§ **WORK INSTRUCTIONS**
An exact copy of all the entries below is what this task needs.

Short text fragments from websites

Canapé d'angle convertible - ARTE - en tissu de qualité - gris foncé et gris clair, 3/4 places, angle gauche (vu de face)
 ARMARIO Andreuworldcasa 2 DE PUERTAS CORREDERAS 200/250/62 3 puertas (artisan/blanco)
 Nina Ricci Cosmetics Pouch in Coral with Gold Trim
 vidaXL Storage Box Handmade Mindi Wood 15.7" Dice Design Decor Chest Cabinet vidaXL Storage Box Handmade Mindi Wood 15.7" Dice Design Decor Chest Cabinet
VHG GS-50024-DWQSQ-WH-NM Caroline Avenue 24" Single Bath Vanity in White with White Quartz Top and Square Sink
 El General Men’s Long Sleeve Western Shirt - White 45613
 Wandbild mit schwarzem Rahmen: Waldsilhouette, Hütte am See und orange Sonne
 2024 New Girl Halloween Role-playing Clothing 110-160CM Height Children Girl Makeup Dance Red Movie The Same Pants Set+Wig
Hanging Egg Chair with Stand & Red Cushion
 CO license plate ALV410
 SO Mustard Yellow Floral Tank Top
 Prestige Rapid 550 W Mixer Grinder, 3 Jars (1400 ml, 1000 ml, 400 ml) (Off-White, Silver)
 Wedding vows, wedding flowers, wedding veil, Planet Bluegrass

§ **SOLUTION FOR THIS TASK**
Canapé d'angle convertible - ARTE - en tissu de qualité - gris foncé et gris clair, 3/4 places, angle gauche (vu de face)
 ARMARIO Andreuworldcasa 2 DE PUERTAS CORREDERAS 200/250/62 3 puertas (artisan/blanco)
 Nina Ricci Cosmetics Pouch in Coral with Gold Trim
 vidaXL Storage Box Handmade Mindi Wood 15.7" Dice Design Decor Chest Cabinet vidaXL Storage Box Handmade Mindi Wood 15.7" Dice Design Decor Chest Cabinet
VHG GS-50024-DWQSQ-WH-NM Caroline Avenue 24" Single Bath Vanity in White with White Quartz Top and Square Sink
 El General Men’s Long Sleeve Western Shirt - White 45613
 Wandbild mit schwarzem Rahmen: Waldsilhouette, Hütte am See und orange Sonne
 2024 New Girl Halloween Role-playing Clothing 110-160CM Height Children Girl Makeup Dance Red Movie The Same Pants Set+Wig
Hanging Egg Chair with Stand & Red Cushion
 CO license plate ALV410
 SO Mustard Yellow Floral Tank Top
 Prestige Rapid 550 W Mixer Grinder, 3 Jars (1400 ml, 1000 ml, 400 ml) (Off-White, Silver)
 Wedding vows, wedding flowers, wedding veil, Planet Bluegrass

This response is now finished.